Anche la Francia ha iniziato una “operazione di evacuazione rapida” dei suoi cittadini e del personale diplomatico dal Sudan, ha annunciato il ministero degli Esteri. Anche i cittadini europei e quelli di “Paesi partner alleati” sono stati presi in carico, ha aggiunto il ministero, senza fornire ulteriori dettagli. Tra i Paesi europei che stanno lavorando a un piano d’esfiltrazione c’è anche l’Italia, con l’Unità di crisi della Farnesina che ha inviato un messaggio ai connazionali presenti nel Paese: “Cari connazionali, con il nostro ministero della Difesa stiamo lavorando a una finestra di opportunità per lasciare Khartoum via aerea che potrebbe avere luogo nella giornata di oggi, domenica 23 aprile. Il punto di raccolta sarà entro le ore 12 presso la residenza dell’Ambasciatore d’Italia”. Il ministro degli Esteri, Antonio Tajani, assicura che “i nostri connazionali in Sudan sono stati tutti contattati, anche durante la nottata, dall’Unità di crisi del ministero. Sono stati chiamati uno per uno, stanno tutti bene e raggiungeranno la nostra ambasciata. Di più non posso dirvi per ragioni di sicurezza”. Nel pomeriggio, poi, il ministro della Difesa, Guido Crosetto, ha fatto sapere che sono partite le operazioni di evacuazione: “Le attività di evacuazione dei nostri connazionali sono coordinate dal comando operativo di vertice interforze. Sono già decollati due C-130 dell’aeronautica militare alle 13.55 ora italiana da Gibuti alla volta di Khartoum con a bordo personale delle forze speciali dell’Esercito italiano e dei Carabinieri. La sicurezza degli aeroporti è assicurata dai fucilieri dell’aria dell’aeronautica militare”.

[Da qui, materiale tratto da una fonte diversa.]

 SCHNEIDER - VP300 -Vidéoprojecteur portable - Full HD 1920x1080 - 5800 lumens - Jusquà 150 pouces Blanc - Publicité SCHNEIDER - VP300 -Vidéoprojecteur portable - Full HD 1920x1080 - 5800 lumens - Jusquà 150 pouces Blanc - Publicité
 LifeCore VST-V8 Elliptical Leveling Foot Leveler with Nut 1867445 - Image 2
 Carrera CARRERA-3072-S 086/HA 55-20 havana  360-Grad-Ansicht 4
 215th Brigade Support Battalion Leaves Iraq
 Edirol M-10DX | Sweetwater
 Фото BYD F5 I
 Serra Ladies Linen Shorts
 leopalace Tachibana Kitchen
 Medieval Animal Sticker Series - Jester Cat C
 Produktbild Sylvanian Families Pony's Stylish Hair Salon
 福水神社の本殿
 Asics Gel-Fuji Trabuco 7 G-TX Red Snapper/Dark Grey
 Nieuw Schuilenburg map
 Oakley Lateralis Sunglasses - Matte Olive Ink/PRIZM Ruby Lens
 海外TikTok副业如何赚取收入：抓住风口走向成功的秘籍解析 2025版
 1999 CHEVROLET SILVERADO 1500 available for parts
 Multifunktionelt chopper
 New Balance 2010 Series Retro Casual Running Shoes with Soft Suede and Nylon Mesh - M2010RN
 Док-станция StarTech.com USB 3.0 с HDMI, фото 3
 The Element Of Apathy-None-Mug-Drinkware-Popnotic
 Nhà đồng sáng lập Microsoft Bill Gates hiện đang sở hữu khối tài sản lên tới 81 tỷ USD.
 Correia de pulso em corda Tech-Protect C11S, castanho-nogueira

Anche il Belgio e i Paesi Bassi hanno annunciato l’avvio delle operazioni di evacuazione dei loro cittadini riferendo di aver mobilitato “tutti i servizi” per cercare di “portare in salvo il maggior numero possibile” di cittadini “il più rapidamente possibile”. Le operazioni, aggiunge la ministra belga, avvengono “in collaborazione con la Francia”. Anche la Gran Bretagna ha annunciato l’inizio delle evacuazioni dall’ambasciata.

Ad aprire uno spiraglio alla fuga dei cittadini statunitensi, si è appreso in mattinata, è stato l’accordo tra i paramilitari Rfs e Washington, con i primi che avevano promesso “piena cooperazione con tutte le missioni diplomatiche, fornendo tutti i mezzi di protezione necessari e garantendo il loro ritorno sicuro nei loro Paesi”. Il gruppo in precedenza si era detto pronto ad aprire “parzialmente” tutti gli aeroporti in Sudan per evacuare i cittadini stranieri.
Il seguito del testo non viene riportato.